Did you know that Asian American and Pacific Islander (AAPI) students are the largest minority group on the UMN Twin Cities’ campus? They make up fully 10 percent of the student population, and up until last year, there were no specific university resources geared towards those students. That has recently changed with the opening of the Asian American and Pacific Islander Resource Center (APARC), which recently moved to brand new space in Appleby 311 and is welcoming drop-ins.
The center is funded by a U.S. Department of Education grant received by Bic Ngo, an associate professor in the Department of Curriculum and Instruction, and Josephine Lee, a professor in the College of Liberal Arts. APARC fills a need on campus to create a space for AAPI students to reflect on their identities, develop their voice, find community and academic support. APARC Program Director Kong Her explains that “What we’ve been hearing from students is they feel they’re not being heard. [Asian American students] have different challenges that are often not acknowledged by the institution and need different resources than the very broad services multicultural student services provide.”
Program Coordinator Peter Limthongviratn further explains that AAPI students often are not valued in racial discourse. “Some students feel their struggle is not seen as a real struggle and that they don’t belong in students of color spaces. APARC is important because it provides a dedicated space and resources to affirm their struggle while providing help and support.”
Ngo emphasizes that the AAPI population in the UMN Twin Cities campus is uniquely in need of support because the students “reflect the state’s large AAPI population, which has the greatest concentration of AAPI in the U.S. interior, including the largest urban Hmong population in the world at 64,442. The state’s AAPI population is strikingly different from that of the U.S. as a whole, with 50.2 percent of them identifying as Southeast Asian. This is significant, because this means half of the AAPIs in Minnesota are refugees or children of refugees. Census data shows that Southeast Asian Americans have among the highest poverty rates and lowest educational attainment rates.”
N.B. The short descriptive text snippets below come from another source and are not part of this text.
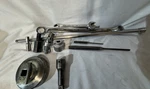 12 Pc Snap On Matco Tools Mac Bluepoint Lot You Get All. Fixed Price $100.00.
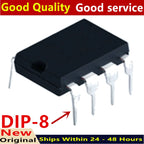 (2-5piece)100% New MSGEQ7 MSGE07 DIP-8
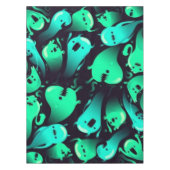 Nappe Motif fantôme (Devant)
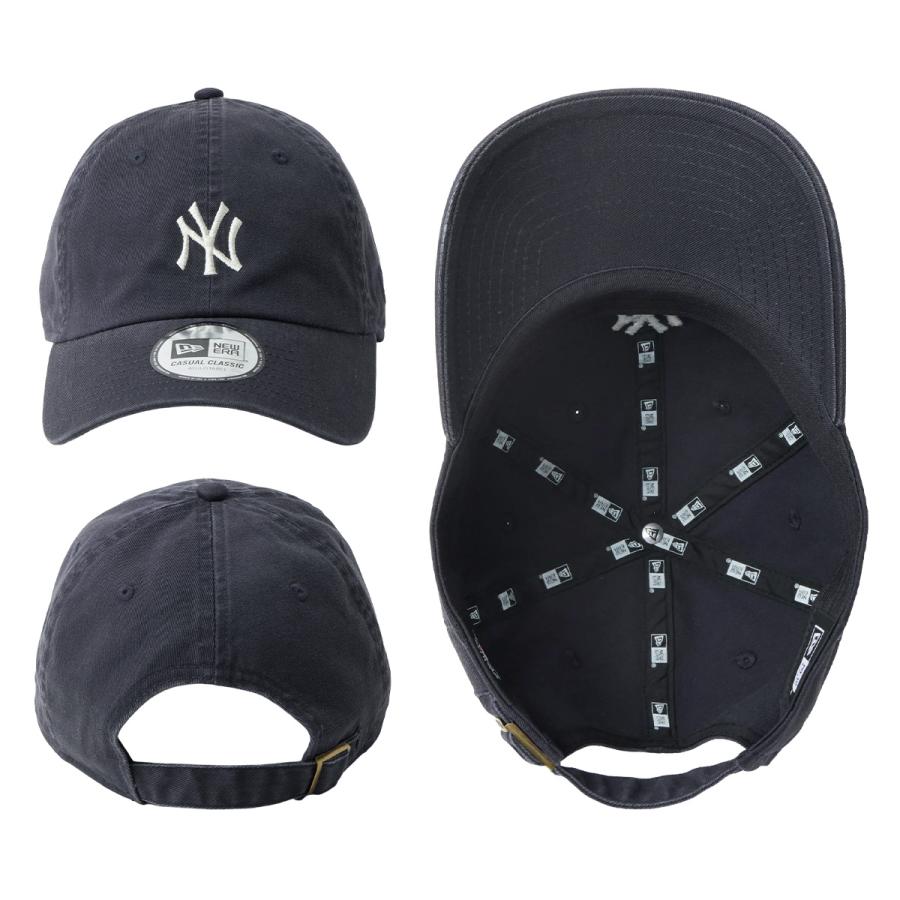 ニューエラ キャップ カジュアルクラシック メンズ レディース ブランド アジャスタブル カーブドバイザー 帽子 NEW ERA CASUAL CLASSIC | NEW ERA | 09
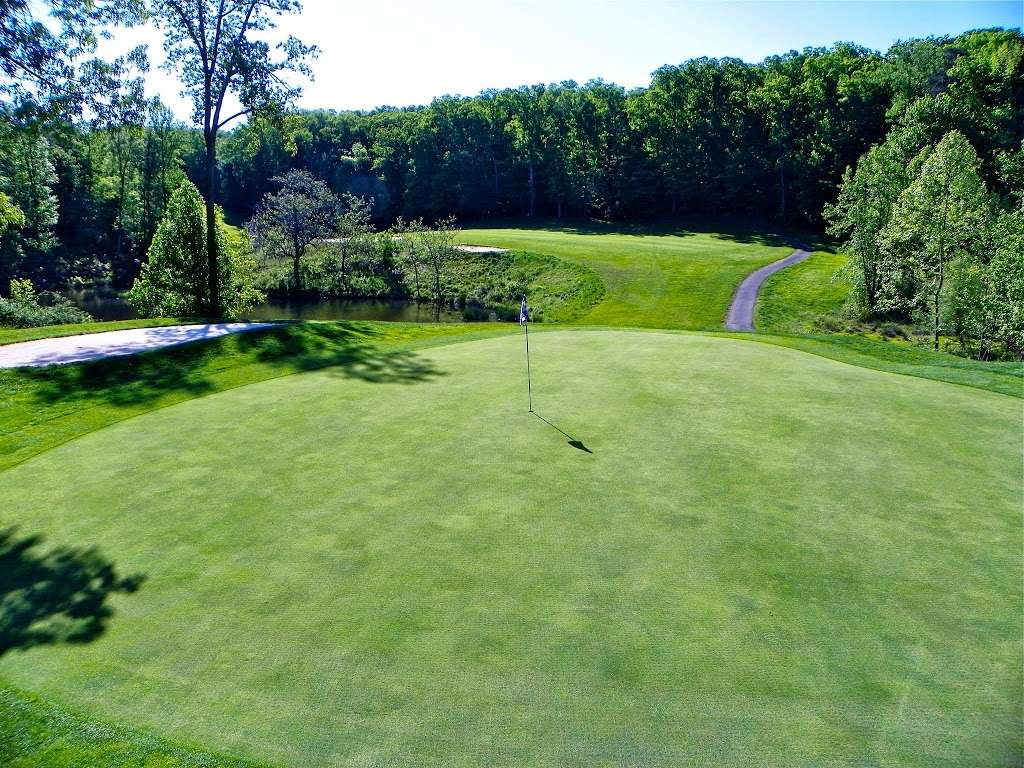 Pohick Bay Golf Course | 10301 Gunston Rd, Lorton, VA 22079, USA | Phone: (703) 339-8585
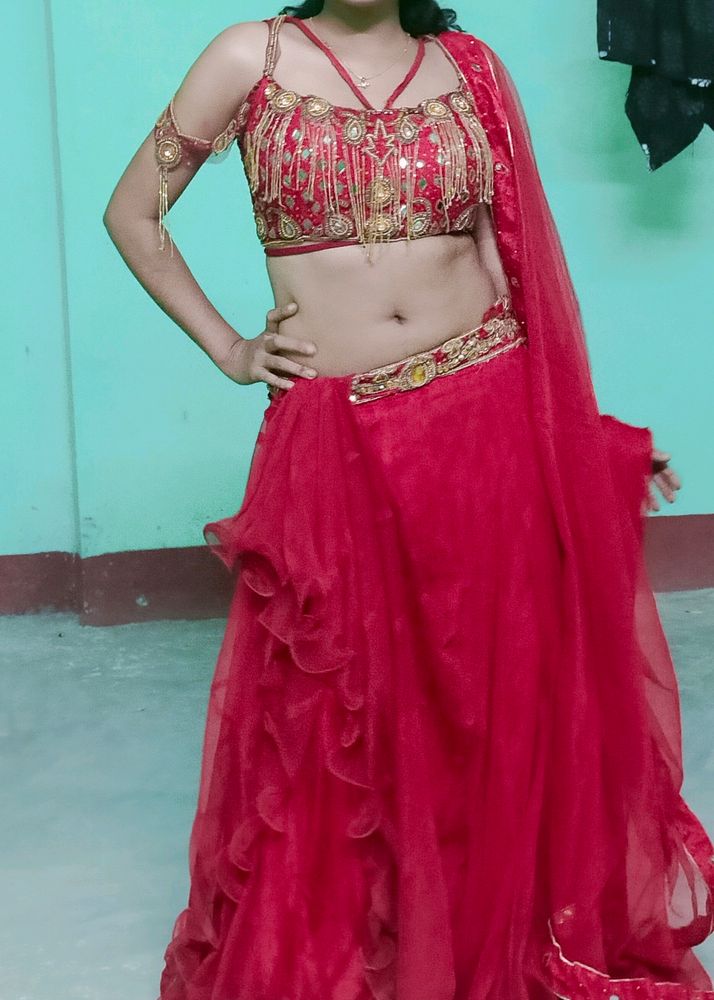 Lehenga Choli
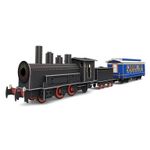 Puzzle 3D - Orient Express fotografia produsului View 2 S
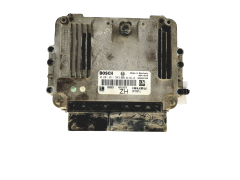 Blok Ovladačů Opel 0281011943 55556829 8973785712 Bosch 23980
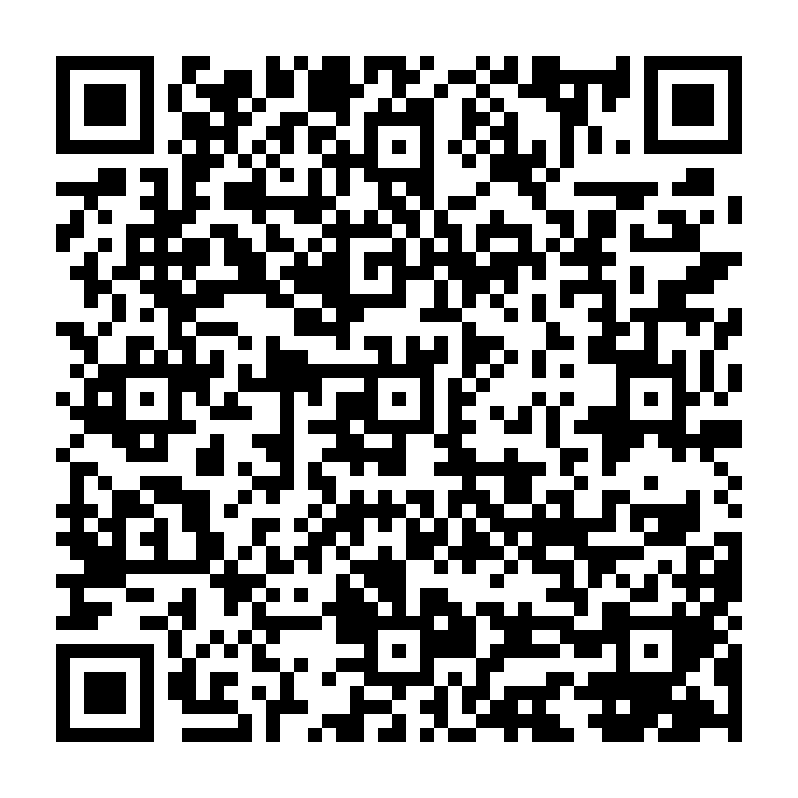 QR kód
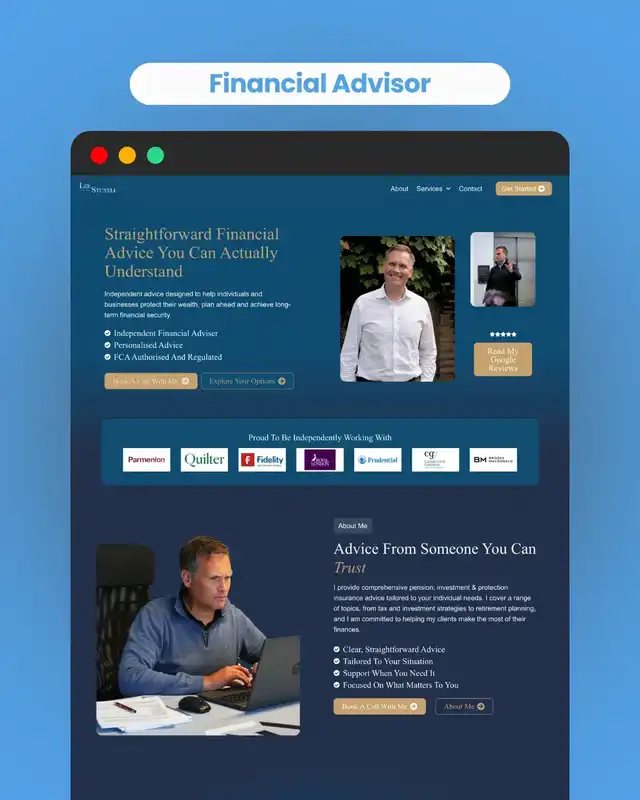 Why Mobile-Friendly Websites Rank Higher on Google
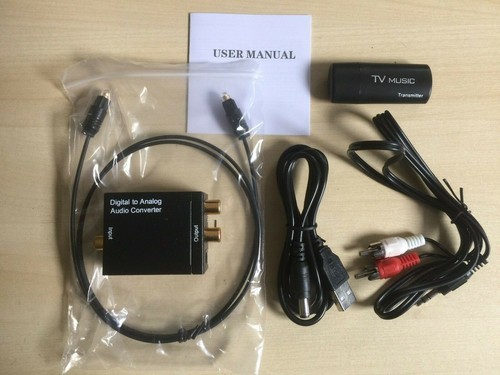 Kit trasmettitore bluetooth - kit,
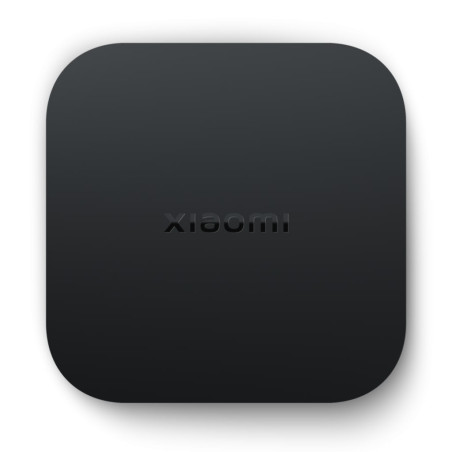 Xiaomi Mi Box S 2nd Generation EÚ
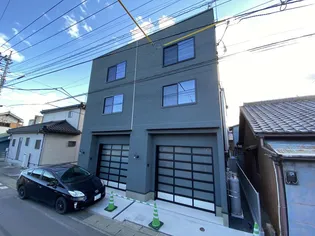 相生町ガレージAPの画像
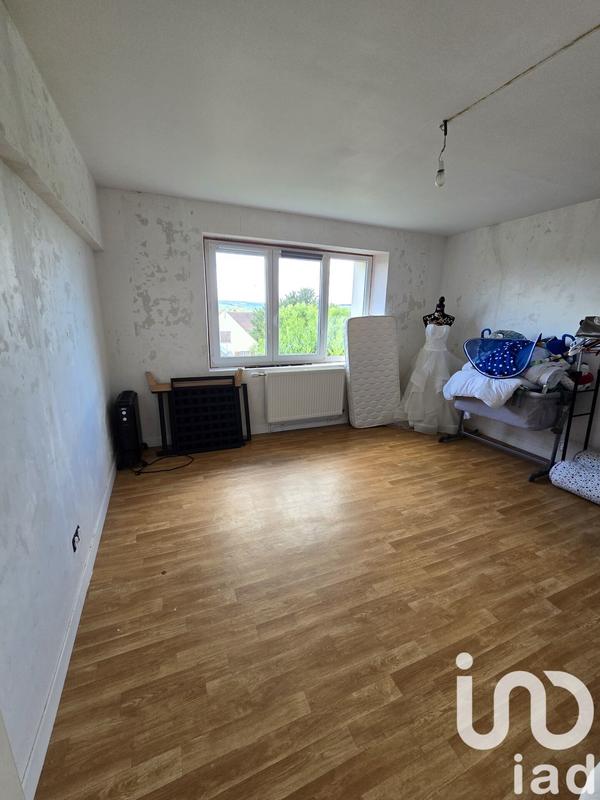 Maison de village - 143 m² - 6 pièces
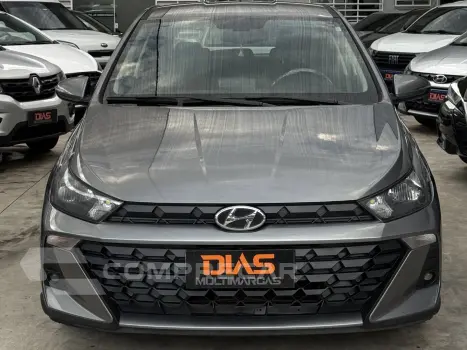 HB20 1.0 12V FLEX LIMITED MANUAL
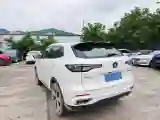 2023 ChangAn CS55 Plus 1.5T 188HP L4 7DCT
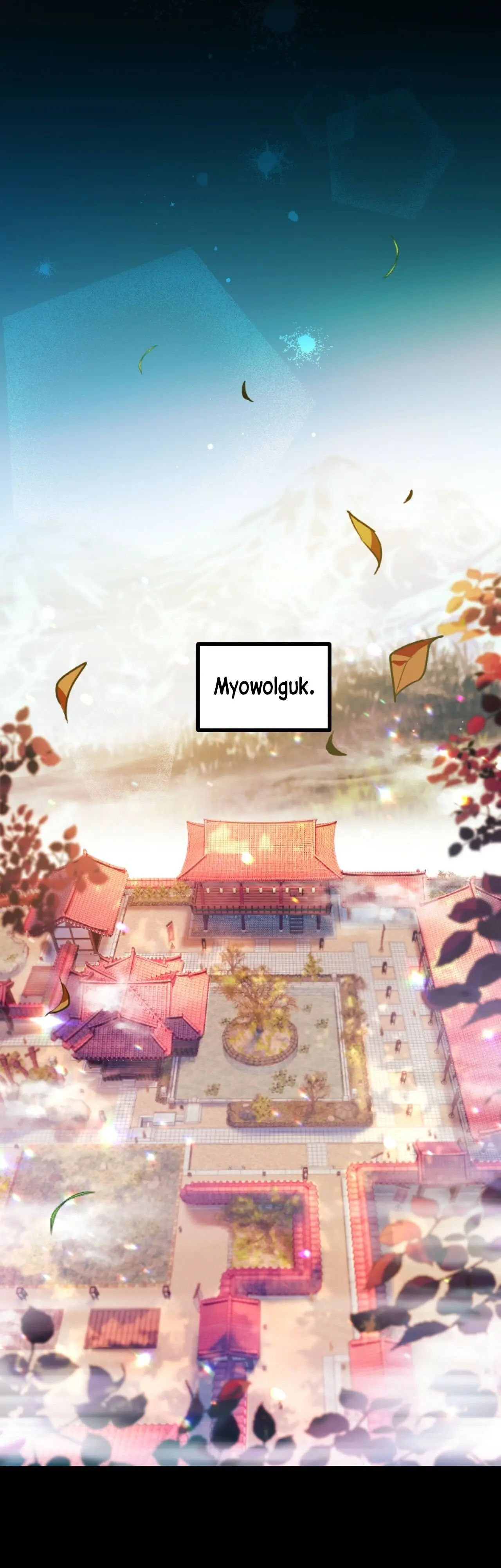 Habibi’s Rabbit – Capítulo 01 Yaoi – Página 33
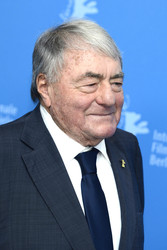 Claude Lanzmann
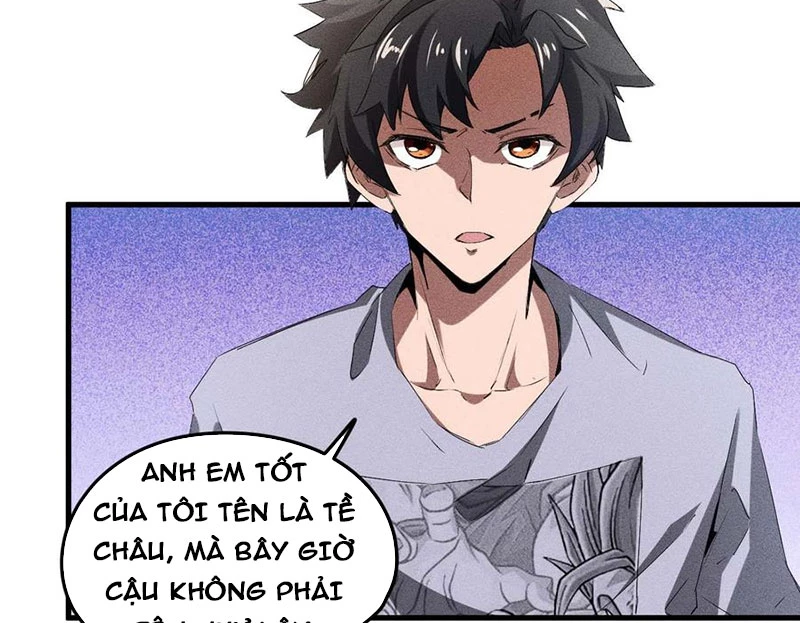 Thương Thiên Tại Hạ Chapter 72 - Trang 4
APARC is hoping to establish a relationship with the large Asian American community in the Twin Cities, especially the Hmong population. Her explains, “ In the Hmong community, the university is a renowned institution. Being able to establish APARC as resource center to support Hmong students strengthens that community connection.” This can help establish trust with students and families that they will be welcomed at the university and thrive here.
The center supports Asian American students by focusing on three areas: academic support, identity affirmation, and community. APARC provides AAPI tutors and writing consultants for who can relate to the AAPI experience. For instance, they often run into specific issues with AAPI students who feel torn between school and obligations at home. Often, people who are not AAPI don’t understand the obligation to family. They work with students on how to handle the pressure of family and communicate effectively with advisors and instructors.
APARC also helps students examine their AAPI identity through workshops, retreats, and lectures. “We want students to think about how to connect their identity to future careers and opportunities,” adds Limthongviratn.
The other area the center focuses on is cultivating a welcoming community for all AAPI students. “There was a disconnect of AAPI communities on campus,” says Her. “All the students groups are pocketed; Everyone does their own thing. There was a need to come together and create one whole community and that’s what we are trying to do.”